### Work instructions:
Start to finish, print the data below exactly, without the images.

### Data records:
━━━━━━━━━━━━━━━━

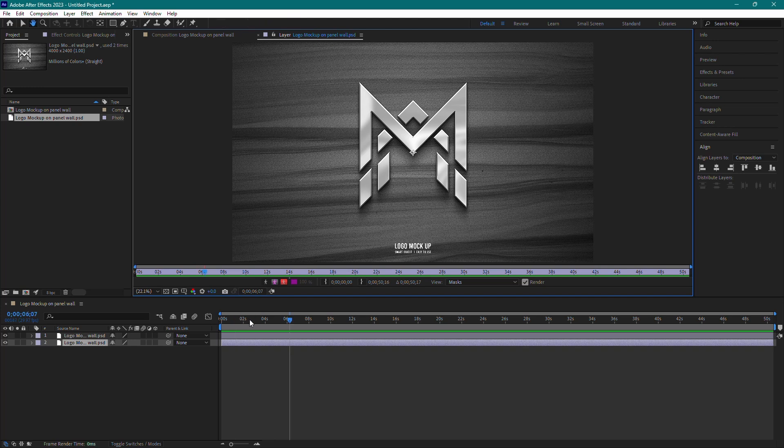That's it for this tutorial on how to import PSD files into Adobe After Effects. I hope you found it helpful. If you did, please like the video, subscribe to the channel and I'll see you very soon with more tutorials.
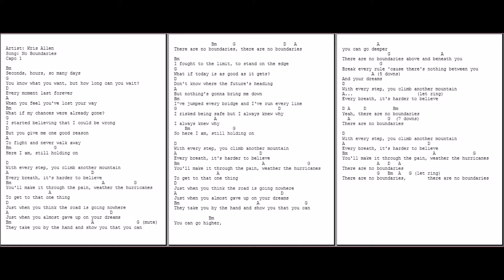Seconds, hours, so many days. You know what you want but how long can you wait. Every moment lasts forever when you feel you've lost your way. What if my chances were already gone? I started believing that I could be wrong, but you gave me one good reason to fight and never walk away. So here I am still holding on.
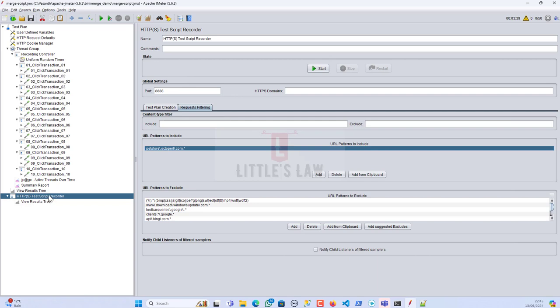I used a regular expression to include only the pet store URLs in the script, so I didn't need to delete unwanted URLs — it only included the required ones. You can use this in your own scripts. I've also shown how to exclude URLs in previous videos.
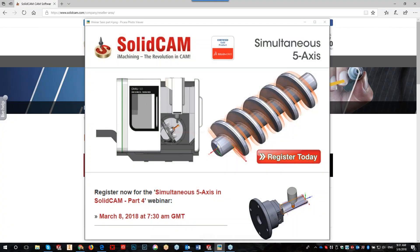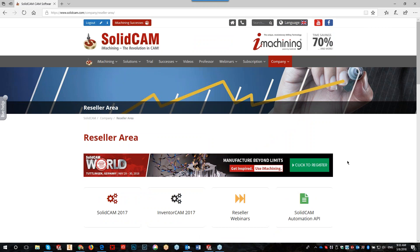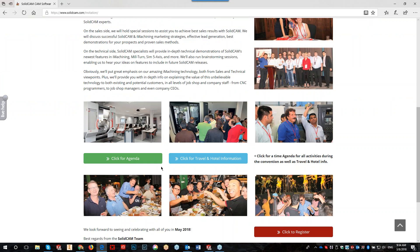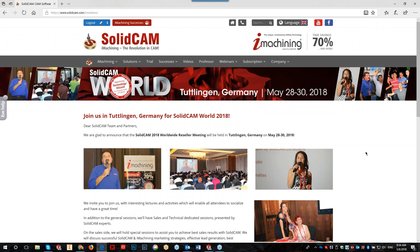Good morning everyone, and welcome to the webinar. Today's webinar will be a continuation of our last webinars — part four on simultaneous five-axis in SolidCAM. This will be given by Amod Ankar, our specialist in this field. Before he starts, I'd like to remind everybody that in May we have our resellers SolidCAM World, which will be held in Tudeling, Germany. It is advisable to register as soon as possible to guarantee a hotel room. All the information is in our resellers area — click to register for the agenda, travel, hotel information, and conference registration.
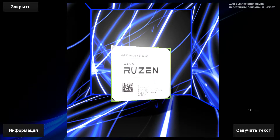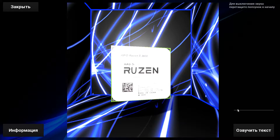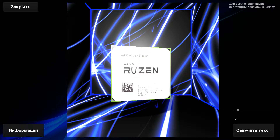Процессор — устройство, предназначенное для обработки чего-либо, является центральным вычислительным элементом любого компьютера и управляет всеми остальными его элементами.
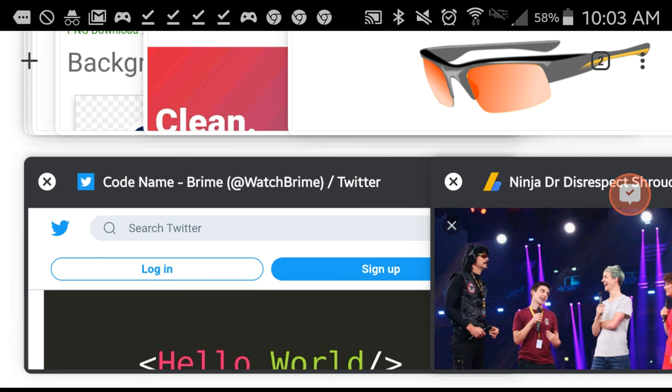So in the meantime, I'm gonna check back on Brime's Twitter and see if they have any confirmation. And when they do, then it might be official.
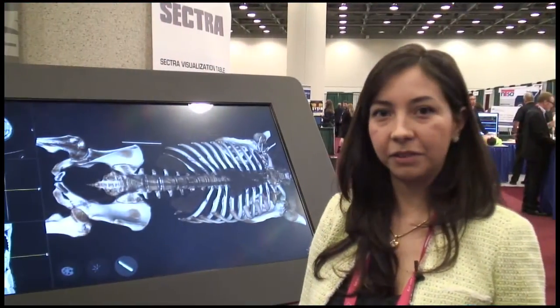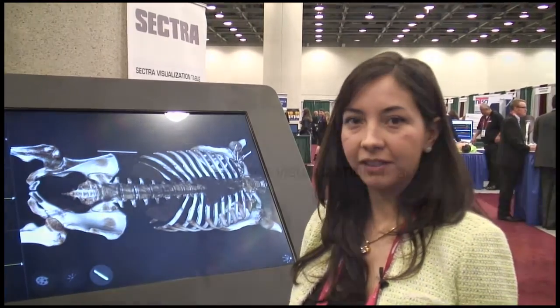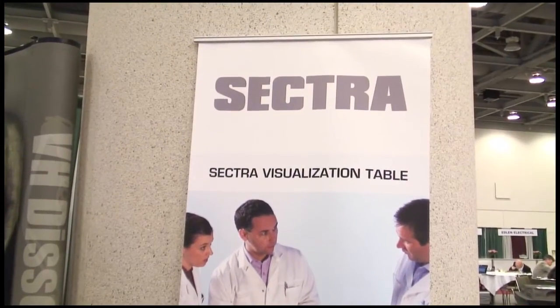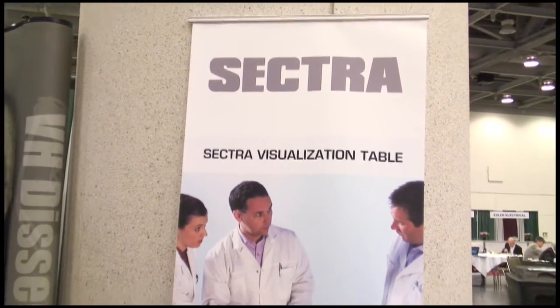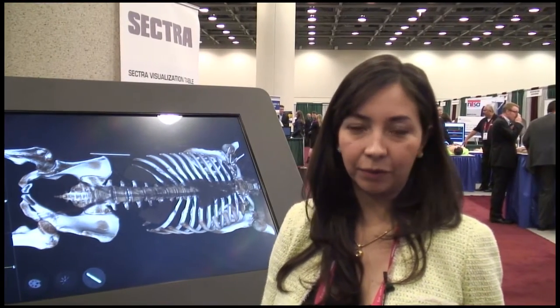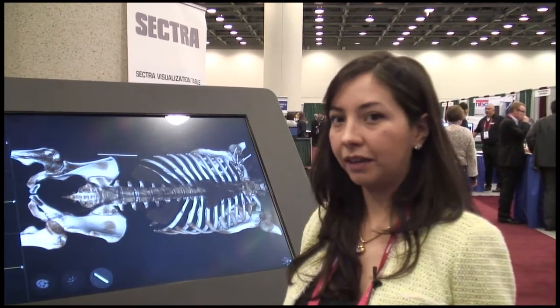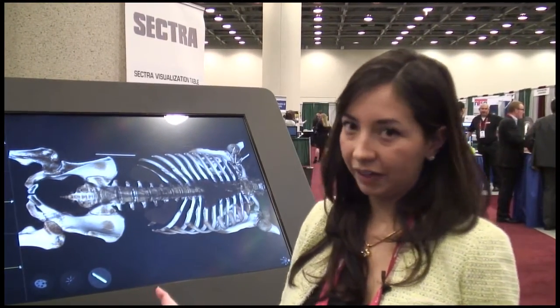I'm Carla Ramirez, I'm from Sektra. This is the Sektra visualization table. Sektra is a Swedish company that has been in the market for more than 25 years and our main product is the PAX, which is a radiology system to communicate with different modalities. Now we are passing that expertise in radiology to the medical field, to education.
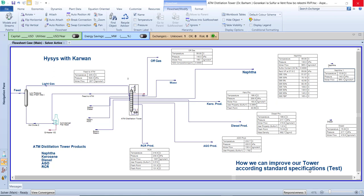Why? Because if you are not following the standard specification, that means you have a problem in the storage, and also you have a problem selling your product. Some customers will say your product is not in the range of the standard specification, and they can't buy it because it makes a problem — first in storing, second for the environment, and third for the people working in this area. For that reason, you have to follow the standards.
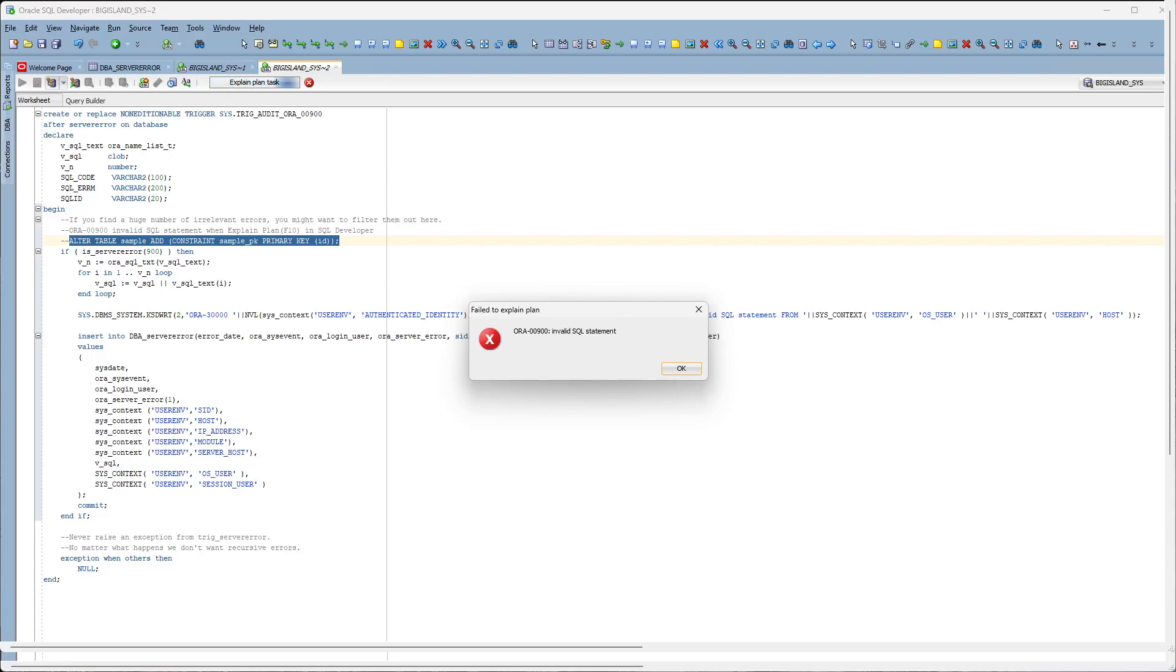Hello YouTube and thank you for watching. Today I want to talk about how to capture the query throwing Oracle 900 invalid SQL statement error.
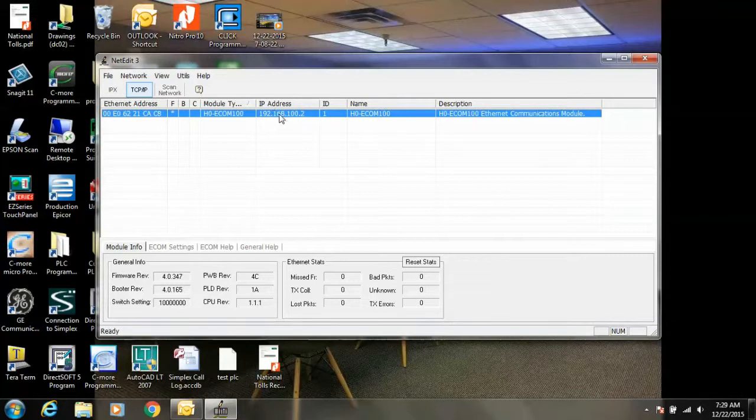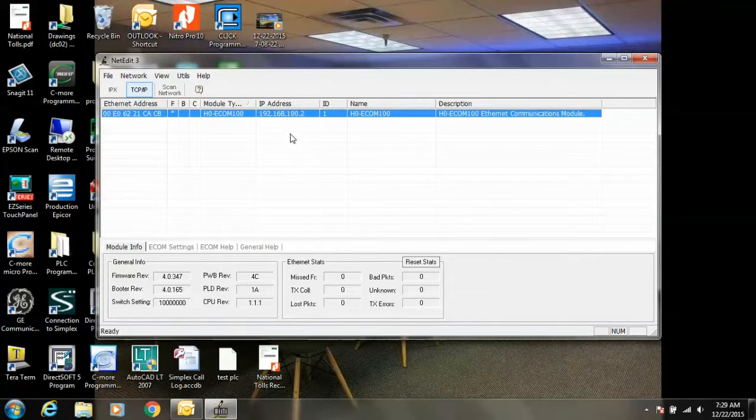Now, if you make a change to this IP address like I just did, it'll change the IP address of the module. But your PLC may be set up to overwrite this IP address depending on what model of Simplex equipment you have.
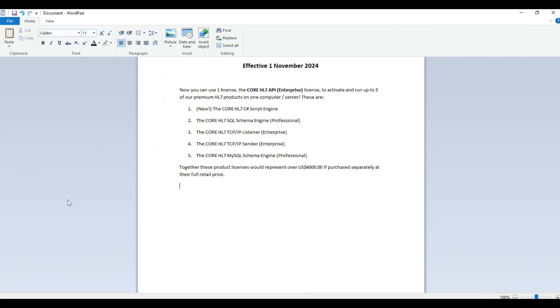Today we're going to talk about the best-kept secret on our website at transworldscribe.com. Effective November 1st, you can use one license, our core HL7 API Enterprise license, to activate and run five of our premium HL7 products on a computer.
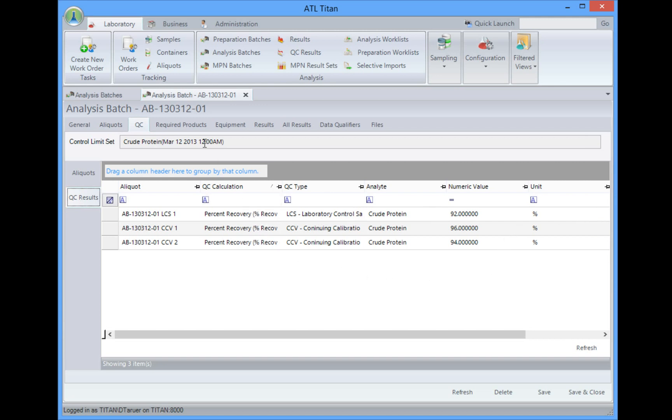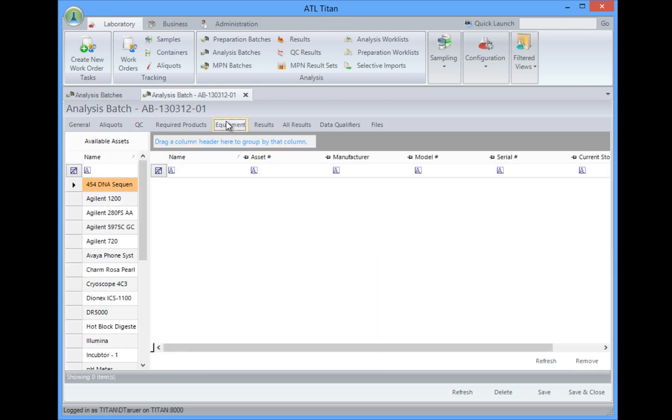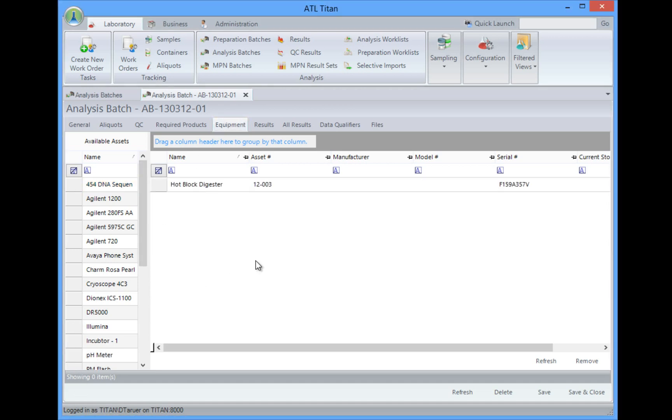We can assign products, so if we wanted to subtract inventory from our inventory when we do an analysis batch, we can do this by assigning products. We can even go in and assign other equipment. So not only can we actually identify the instrument that was used, but if anything was used as far as an incubator or a digester, we can just move that over, and now we can assign those assets to this batch as well.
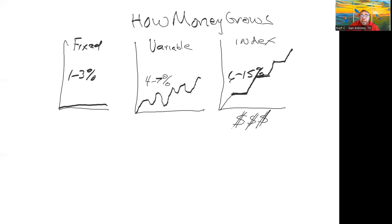Now the issue is most of the people that I know, most of the people that the circles I used to run with, all had their money in this variable side right here.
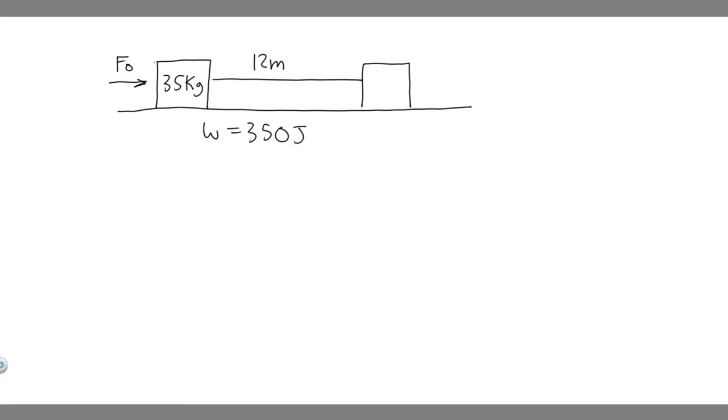In this problem, we're told a worker pushing a 35-kilogram wooden crate at a constant speed for 12 meters along a wooden floor does 355 joules of work by applying a constant horizontal force of magnitude F₀ on the crate. Determine the value of F₀. If the worker now applies a force greater than F₀, describe the subsequent motion of the crate, and then describe what would happen to the crate if the applied force is less than F₀.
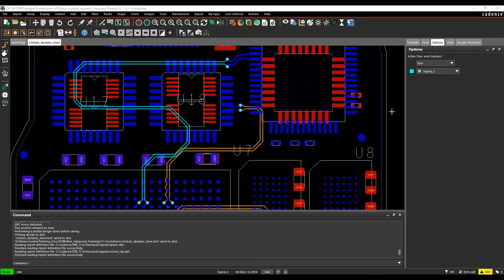This how-to video is going to show you how to use the differential pair dynamic phase control DRC check inside the Cadence PCB tools.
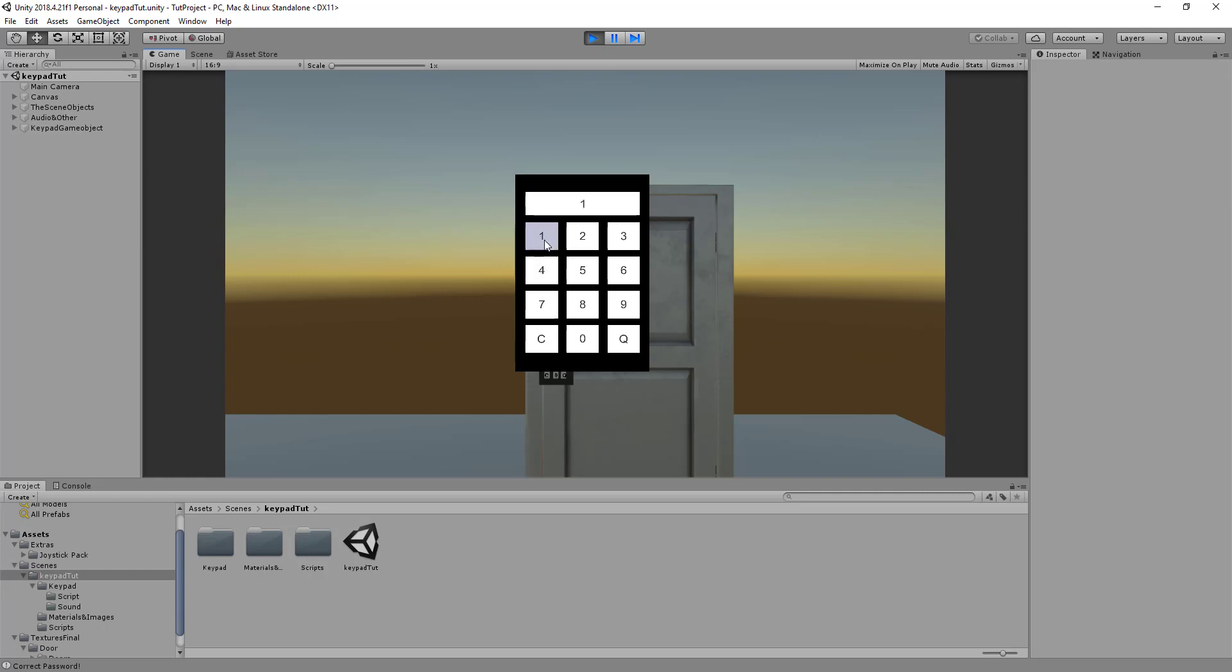If I enter in 123 which is the correct password it just at the moment displays correct password but you can obviously change this to whatever you like. For example you can trigger an animation to open up a door or a safe, or what I was using it for in one of my other games was to basically move to the next scene.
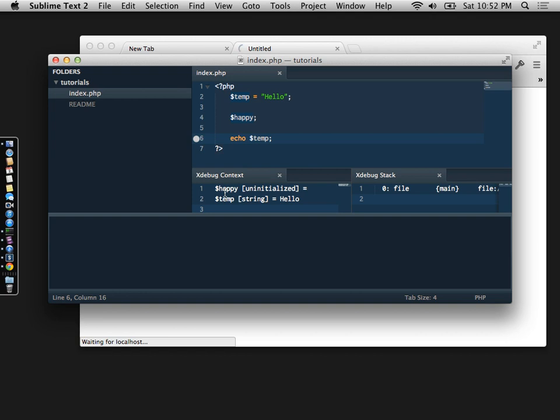As you can see, we have two variables there. One is the happy variable, which right now tells us it's uninstantiated. Basically, uninstantiated is PHP doesn't realize what variable type this is yet, because we haven't done anything to the variable. It's just an empty placeholder at this point.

━━━━━━━━━━━━━━━━

### Result:
That's it for this tutorial on how to import PSD files into Adobe After Effects. I hope you found it helpful. If you did, please like the video, subscribe to the channel and I'll see you very soon with more tutorials.
Seconds, hours, so many days. You know what you want but how long can you wait. Every moment lasts forever when you feel you've lost your way. What if my chances were already gone? I started believing that I could be wrong, but you gave me one good reason to fight and never walk away. So here I am still holding on.
I used a regular expression to include only the pet store URLs in the script, so I didn't need to delete unwanted URLs — it only included the required ones. You can use this in your own scripts. I've also shown how to exclude URLs in previous videos.
Good morning everyone, and welcome to the webinar. Today's webinar will be a continuation of our last webinars — part four on simultaneous five-axis in SolidCAM. This will be given by Amod Ankar, our specialist in this field. Before he starts, I'd like to remind everybody that in May we have our resellers SolidCAM World, which will be held in Tudeling, Germany. It is advisable to register as soon as possible to guarantee a hotel room. All the information is in our resellers area — click to register for the agenda, travel, hotel information, and conference registration.
Процессор — устройство, предназначенное для обработки чего-либо, является центральным вычислительным элементом любого компьютера и управляет всеми остальными его элементами.
So in the meantime, I'm gonna check back on Brime's Twitter and see if they have any confirmation. And when they do, then it might be official.
I'm Carla Ramirez, I'm from Sektra. This is the Sektra visualization table. Sektra is a Swedish company that has been in the market for more than 25 years and our main product is the PAX, which is a radiology system to communicate with different modalities. Now we are passing that expertise in radiology to the medical field, to education.
Why? Because if you are not following the standard specification, that means you have a problem in the storage, and also you have a problem selling your product. Some customers will say your product is not in the range of the standard specification, and they can't buy it because it makes a problem — first in storing, second for the environment, and third for the people working in this area. For that reason, you have to follow the standards.
Hello YouTube and thank you for watching. Today I want to talk about how to capture the query throwing Oracle 900 invalid SQL statement error.
Now, if you make a change to this IP address like I just did, it'll change the IP address of the module. But your PLC may be set up to overwrite this IP address depending on what model of Simplex equipment you have.
Today we're going to talk about the best-kept secret on our website at transworldscribe.com. Effective November 1st, you can use one license, our core HL7 API Enterprise license, to activate and run five of our premium HL7 products on a computer.
We can assign products, so if we wanted to subtract inventory from our inventory when we do an analysis batch, we can do this by assigning products. We can even go in and assign other equipment. So not only can we actually identify the instrument that was used, but if anything was used as far as an incubator or a digester, we can just move that over, and now we can assign those assets to this batch as well.
Now the issue is most of the people that I know, most of the people that the circles I used to run with, all had their money in this variable side right here.
In this problem, we're told a worker pushing a 35-kilogram wooden crate at a constant speed for 12 meters along a wooden floor does 355 joules of work by applying a constant horizontal force of magnitude F₀ on the crate. Determine the value of F₀. If the worker now applies a force greater than F₀, describe the subsequent motion of the crate, and then describe what would happen to the crate if the applied force is less than F₀.
This how-to video is going to show you how to use the differential pair dynamic phase control DRC check inside the Cadence PCB tools.
If I enter in 123 which is the correct password it just at the moment displays correct password but you can obviously change this to whatever you like. For example you can trigger an animation to open up a door or a safe, or what I was using it for in one of my other games was to basically move to the next scene.
As you can see, we have two variables there. One is the happy variable, which right now tells us it's uninstantiated. Basically, uninstantiated is PHP doesn't realize what variable type this is yet, because we haven't done anything to the variable. It's just an empty placeholder at this point.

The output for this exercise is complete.